Естественно, автомобильным промышленникам пришлось сократить излишки, хранимые в банках, а простые люди были вынуждены изымать вклады, чтобы дотянуть до конца недели. И вот как-то Эбнер Шатт, выйдя из ворот завода, купил у знакомого газетчика вечернюю газету и увидел заголовок, сообщавший о затруднениях одного банка, а этот банк был именно тот, в котором он хранил свои сбережения. Дрожа от страха, он кинулся к своему потрепанному «форду», к одной из многих моделей Т, выстроившихся в отведенном для них месте. Он помчался к банку, но, разумеется, часы приема уже кончились, и ему не оставалось ничего другого, как стоять перед закрытой дверью и расспрашивать других вкладчиков, не менее его напуганных и несведущих.

Крах банка! Эбнер всегда уповал на это солидное учреждение с внушительными колоннами и бронзовыми перилами так же, как он уповал на Генри Форда, на правительство Соединенных Штатов и своего бога, которому он вверил свое вечное будущее; эта четверка была нерушима на веки веков, она была выше и вне понимания бедного трудящегося люда. И вдруг он узнал, что банк может лопнуть, и что правительство взяло его под опеку, и что никто не сможет получить свои деньги, по крайней мере в течение некоторого времени. Но в конце концов все уладится, успокаивали газеты; когда затрагивались такие темы, то в заключение всегда говорилось, что Америка крепка, и что в конце концов все уладится, и что требуется только одно «доверие».
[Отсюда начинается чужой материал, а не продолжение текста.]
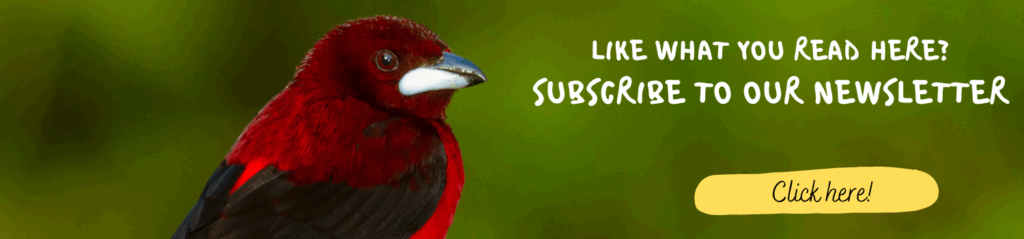 Banner. Crimson-backed Tanager. Whitehawk Birding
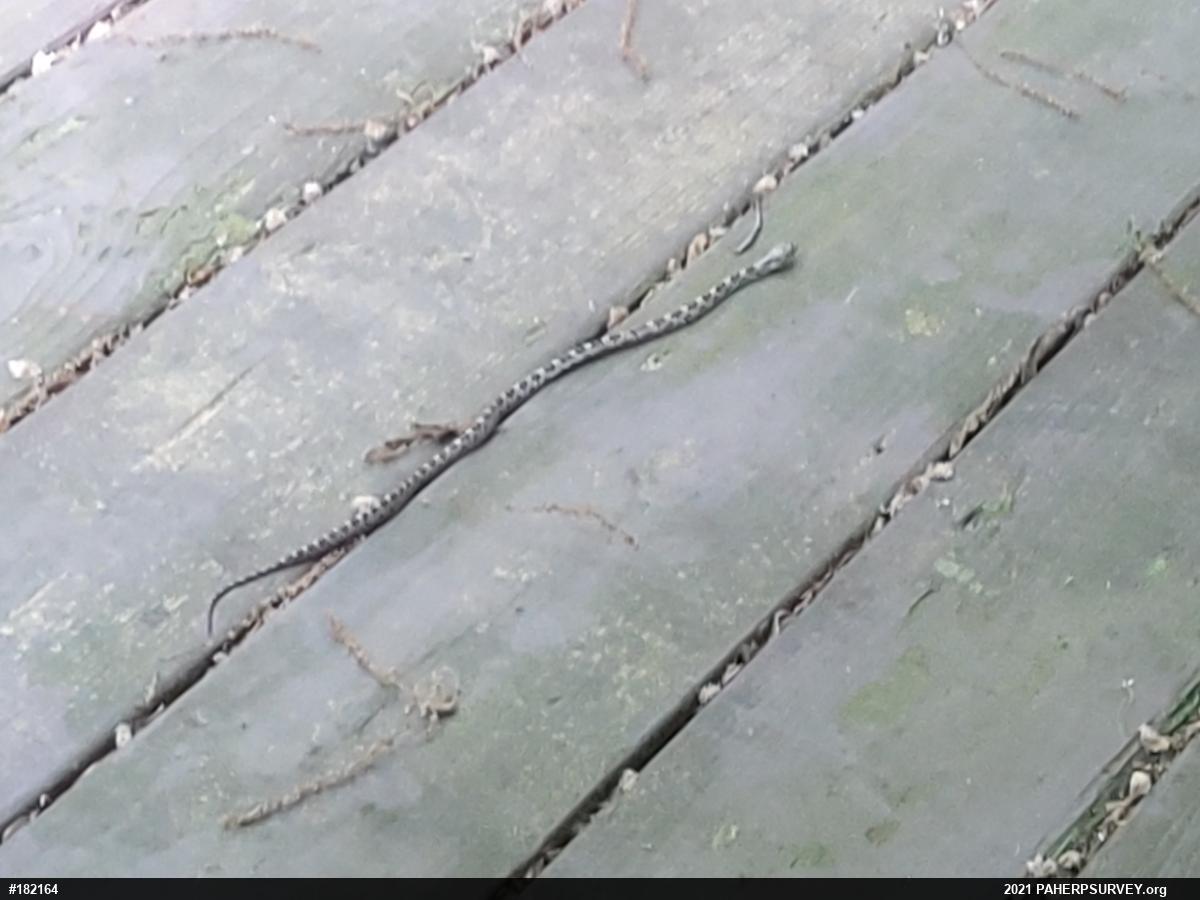 Eastern Ratsnake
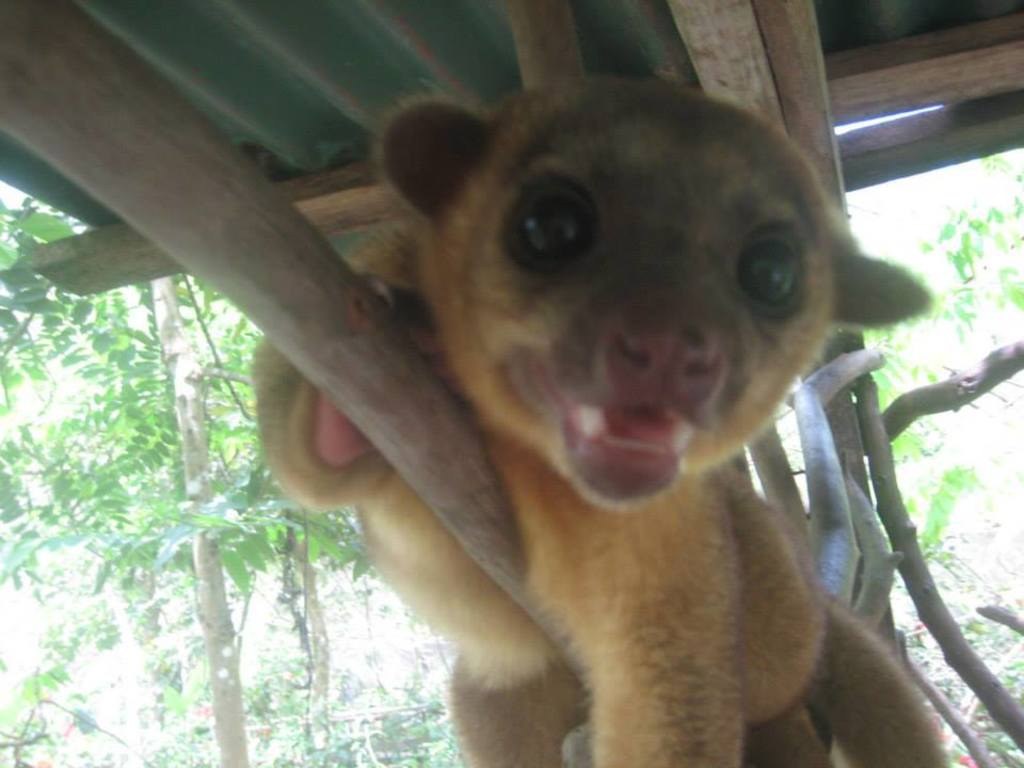 Ein Tier vor Bäumen mit einem Schutzraum darüber.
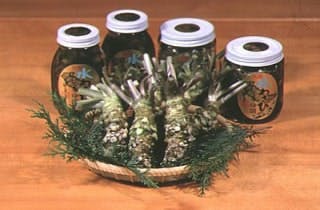 スポットの写真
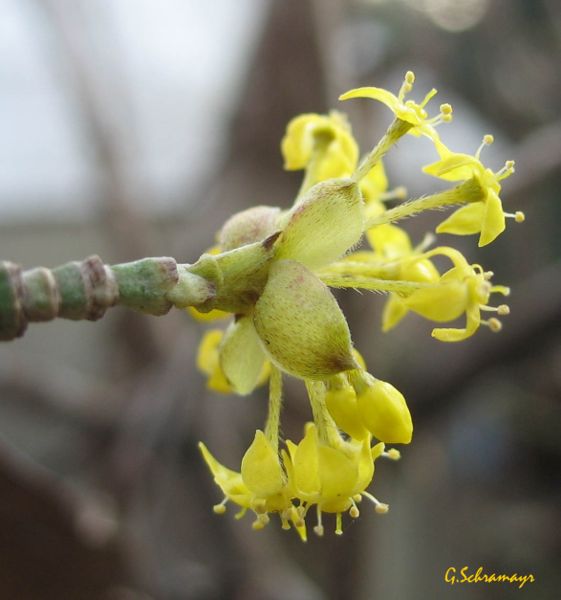 Datei:Cornus mas 080309 a.jpg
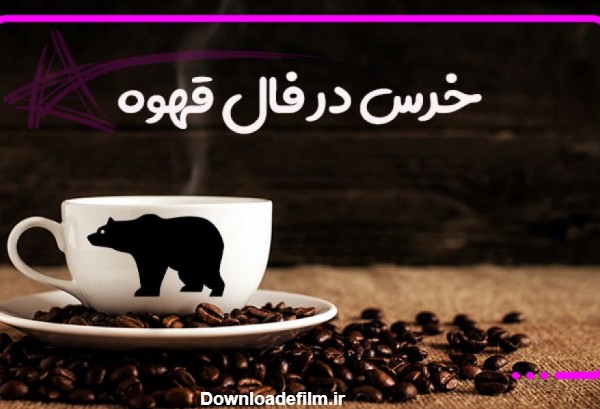 تعبیر و تفسیر خرس در فال قهوه | ستاره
На следующее утро Эбнер рассказал мастеру о своей беде и попросил разрешения уйти часа на два, чтобы получить в банке деньги. Мастер ответил приветливо: «Ладно, Шатт, ступай в банк по своим делам, но раньше возьми расчет, нам, знаешь, нужны рабочие, которые не бросают работу среди дня, а потом я давно замечаю, что ты не управляешься с работой».

И вот Эбнер стоял посреди мастерской, слезы текли по его щекам, он умолял начальника, снова и снова рассказывал ему длинную историю о том, как давно он работает на великого и доброго мистера Генри — вот уже двадцать восемь лет, и, казалось бы, это должно дать кое-какие права. «Как же это, мистер, ведь у меня жена и дети, что же я буду делать?» Но мастер был неумолим. Дело в том, что он получил распоряжение немедленно уволить десяток рабочих, и он все раздумывал, на ком остановить выбор, и вот этот несчастный старикан сам напросился; высунул голову и — хрясь, топор опустился. Мастер в конце концов всего только человек, и не очень-то весело смотреть, как такая старая кляча трусит от станка к станку, уставленных в ряд длиной с полквартала, и не поспевает, и еще нужно покрикивать на него. Когда в цехе надо наводить экономию, неплохо начинать с того, что может сберечь мастеру голосовые связки.

Лет двадцать назад, когда Генри был еще идеалистом, он провел на своем предприятии перепись и, убедившись, что процент старых рабочих меньше процента стариков в населении Америки, отдал управляющим приказ принимать на работу побольше стариков. Но теперь мир изменился. Предприятие Генри выросло в десять раз, и сам Генри стал стариком; он перепоручил свои заботы другим и старался не ведать, что они творят.